» **STORED DATA**
-- Opening Marker --

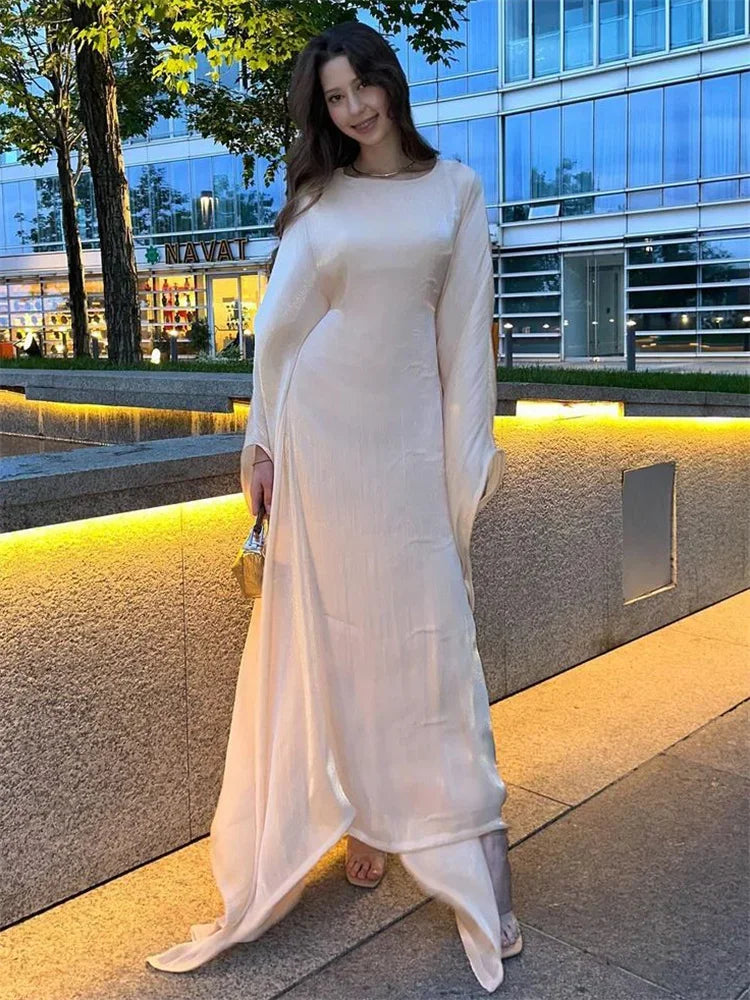 Autumn Loose Butterfly Batwing Long Sleeve Shiny Maxi Dress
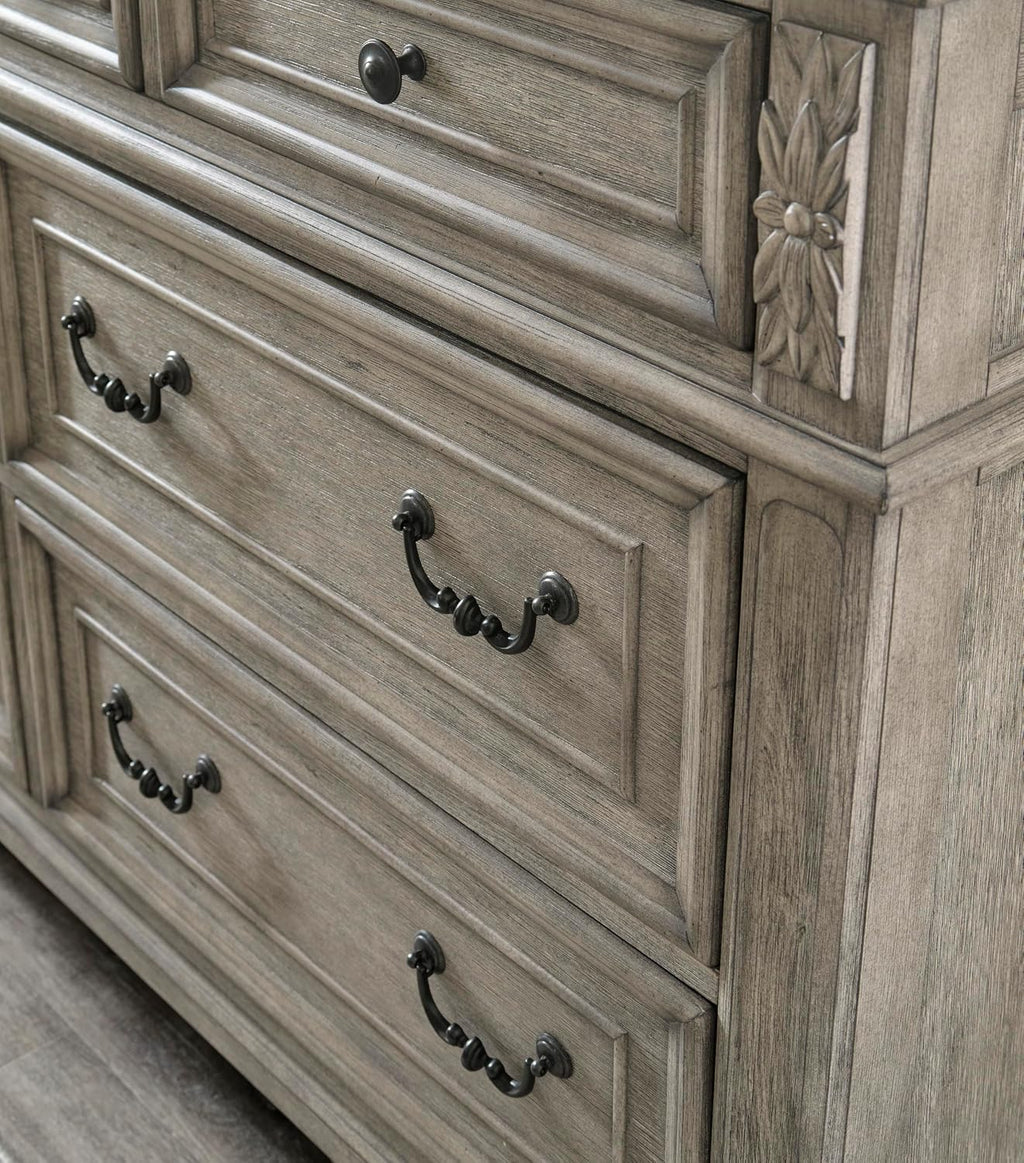 Signature Design by Ashley Lodenbay Casual Smooth-Gliding 7-Drawer Dresser and Mirror with Safety Stop, Light Gray & Dark Brown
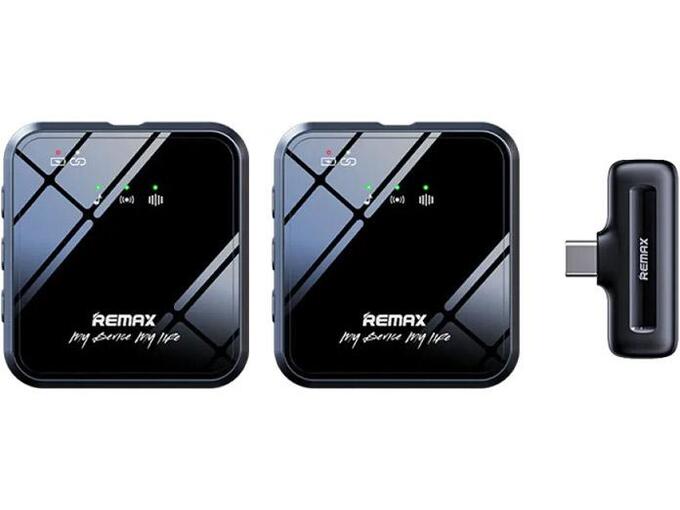 Bežični mikrofon Lavalier REMAX K12 2u1 za mobilni telefon Type-C crni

-- Closing Marker --

» **WORK INSTRUCTIONS**
Word for word, restate all of the material above except its pictures.

» **RESPONSE BOX**
 Autumn Loose Butterfly Batwing Long Sleeve Shiny Maxi Dress
 Signature Design by Ashley Lodenbay Casual Smooth-Gliding 7-Drawer Dresser and Mirror with Safety Stop, Light Gray & Dark Brown
 Bežični mikrofon Lavalier REMAX K12 2u1 za mobilni telefon Type-C crni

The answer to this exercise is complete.